Wherever "Accessories" appears in a line of the listing, that line should be returned.

**** EXERCISE MATERIAL

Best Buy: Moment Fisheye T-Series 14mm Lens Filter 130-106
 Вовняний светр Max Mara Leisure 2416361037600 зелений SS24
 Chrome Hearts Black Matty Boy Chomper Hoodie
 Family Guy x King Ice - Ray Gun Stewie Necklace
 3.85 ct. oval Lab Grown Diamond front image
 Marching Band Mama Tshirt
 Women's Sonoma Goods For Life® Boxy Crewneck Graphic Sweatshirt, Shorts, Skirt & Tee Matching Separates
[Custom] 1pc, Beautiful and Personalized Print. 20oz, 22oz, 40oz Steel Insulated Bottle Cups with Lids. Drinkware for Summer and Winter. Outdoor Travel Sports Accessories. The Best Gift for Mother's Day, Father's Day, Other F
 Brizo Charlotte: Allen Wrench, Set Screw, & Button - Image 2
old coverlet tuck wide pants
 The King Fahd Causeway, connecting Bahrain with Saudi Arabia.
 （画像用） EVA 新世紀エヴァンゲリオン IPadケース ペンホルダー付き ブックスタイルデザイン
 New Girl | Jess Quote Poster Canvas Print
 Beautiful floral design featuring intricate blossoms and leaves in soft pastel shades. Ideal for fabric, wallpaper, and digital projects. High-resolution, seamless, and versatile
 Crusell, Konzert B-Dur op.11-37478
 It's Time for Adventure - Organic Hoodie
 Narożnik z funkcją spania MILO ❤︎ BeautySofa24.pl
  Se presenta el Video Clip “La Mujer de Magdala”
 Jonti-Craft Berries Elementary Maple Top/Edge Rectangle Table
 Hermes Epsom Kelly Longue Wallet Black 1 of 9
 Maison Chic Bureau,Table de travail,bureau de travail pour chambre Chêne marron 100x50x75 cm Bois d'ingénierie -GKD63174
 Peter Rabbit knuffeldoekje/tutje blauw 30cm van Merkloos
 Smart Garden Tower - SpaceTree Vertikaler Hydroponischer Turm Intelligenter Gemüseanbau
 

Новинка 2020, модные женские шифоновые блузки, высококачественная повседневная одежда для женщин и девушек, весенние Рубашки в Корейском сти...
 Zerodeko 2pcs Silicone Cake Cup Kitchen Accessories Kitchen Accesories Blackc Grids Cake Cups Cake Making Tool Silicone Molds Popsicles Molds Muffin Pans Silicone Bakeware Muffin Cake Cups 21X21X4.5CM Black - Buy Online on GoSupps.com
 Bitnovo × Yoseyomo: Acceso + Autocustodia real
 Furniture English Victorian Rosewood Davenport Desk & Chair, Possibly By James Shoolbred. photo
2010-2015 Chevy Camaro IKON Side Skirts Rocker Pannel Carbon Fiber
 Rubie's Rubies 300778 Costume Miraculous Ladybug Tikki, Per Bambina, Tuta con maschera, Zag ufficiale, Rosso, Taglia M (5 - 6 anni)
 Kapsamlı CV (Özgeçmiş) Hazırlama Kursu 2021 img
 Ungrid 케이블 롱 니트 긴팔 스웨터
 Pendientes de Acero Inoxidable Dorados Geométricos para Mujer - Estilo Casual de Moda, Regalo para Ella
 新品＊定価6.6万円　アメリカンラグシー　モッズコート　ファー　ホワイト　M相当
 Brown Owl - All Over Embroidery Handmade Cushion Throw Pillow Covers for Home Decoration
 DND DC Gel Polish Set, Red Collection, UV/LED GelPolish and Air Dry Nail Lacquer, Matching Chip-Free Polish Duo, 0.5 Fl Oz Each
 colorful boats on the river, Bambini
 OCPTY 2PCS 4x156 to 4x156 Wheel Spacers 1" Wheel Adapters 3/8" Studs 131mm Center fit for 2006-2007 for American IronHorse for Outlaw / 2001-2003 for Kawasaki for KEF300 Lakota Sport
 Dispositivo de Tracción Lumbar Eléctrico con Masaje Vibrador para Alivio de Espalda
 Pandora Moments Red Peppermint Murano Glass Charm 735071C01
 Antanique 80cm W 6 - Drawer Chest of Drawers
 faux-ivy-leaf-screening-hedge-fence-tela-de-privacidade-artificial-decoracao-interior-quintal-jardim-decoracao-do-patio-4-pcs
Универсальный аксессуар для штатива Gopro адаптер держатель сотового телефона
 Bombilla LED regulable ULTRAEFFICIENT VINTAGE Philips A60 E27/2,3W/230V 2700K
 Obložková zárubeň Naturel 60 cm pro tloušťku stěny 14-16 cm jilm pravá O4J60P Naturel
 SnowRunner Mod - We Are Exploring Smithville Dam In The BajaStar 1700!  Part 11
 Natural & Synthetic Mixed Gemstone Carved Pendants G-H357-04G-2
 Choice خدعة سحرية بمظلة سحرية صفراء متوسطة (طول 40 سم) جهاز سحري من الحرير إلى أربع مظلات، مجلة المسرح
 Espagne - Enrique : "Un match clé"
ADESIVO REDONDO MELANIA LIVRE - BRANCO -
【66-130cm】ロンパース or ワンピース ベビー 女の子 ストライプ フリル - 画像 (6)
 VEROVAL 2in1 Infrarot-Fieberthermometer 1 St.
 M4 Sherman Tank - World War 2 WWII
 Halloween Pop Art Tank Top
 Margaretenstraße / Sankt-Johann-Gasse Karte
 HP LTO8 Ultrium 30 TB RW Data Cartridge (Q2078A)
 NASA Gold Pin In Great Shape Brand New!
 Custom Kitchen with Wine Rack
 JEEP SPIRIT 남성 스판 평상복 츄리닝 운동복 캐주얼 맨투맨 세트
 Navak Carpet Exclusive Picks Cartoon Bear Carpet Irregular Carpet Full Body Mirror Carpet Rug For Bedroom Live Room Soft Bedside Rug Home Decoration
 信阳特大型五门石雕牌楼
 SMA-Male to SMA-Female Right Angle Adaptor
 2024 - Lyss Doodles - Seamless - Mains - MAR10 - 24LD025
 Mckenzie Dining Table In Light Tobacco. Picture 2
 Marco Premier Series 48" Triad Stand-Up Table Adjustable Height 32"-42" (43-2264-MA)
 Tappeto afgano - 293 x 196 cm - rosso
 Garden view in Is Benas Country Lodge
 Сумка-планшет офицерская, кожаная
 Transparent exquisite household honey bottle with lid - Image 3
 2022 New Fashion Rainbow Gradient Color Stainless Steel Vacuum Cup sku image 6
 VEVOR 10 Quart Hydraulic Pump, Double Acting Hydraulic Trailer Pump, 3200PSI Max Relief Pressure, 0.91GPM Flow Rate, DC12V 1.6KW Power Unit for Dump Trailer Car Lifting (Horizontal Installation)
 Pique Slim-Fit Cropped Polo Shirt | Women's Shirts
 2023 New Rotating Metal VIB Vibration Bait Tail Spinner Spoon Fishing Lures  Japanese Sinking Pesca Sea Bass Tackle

********

* [FINAL ANSWER]:
[Custom] 1pc, Beautiful and Personalized Print. 20oz, 22oz, 40oz Steel Insulated Bottle Cups with Lids. Drinkware for Summer and Winter. Outdoor Travel Sports Accessories. The Best Gift for Mother's Day, Father's Day, Other F
 Zerodeko 2pcs Silicone Cake Cup Kitchen Accessories Kitchen Accesories Blackc Grids Cake Cups Cake Making Tool Silicone Molds Popsicles Molds Muffin Pans Silicone Bakeware Muffin Cake Cups 21X21X4.5CM Black - Buy Online on GoSupps.com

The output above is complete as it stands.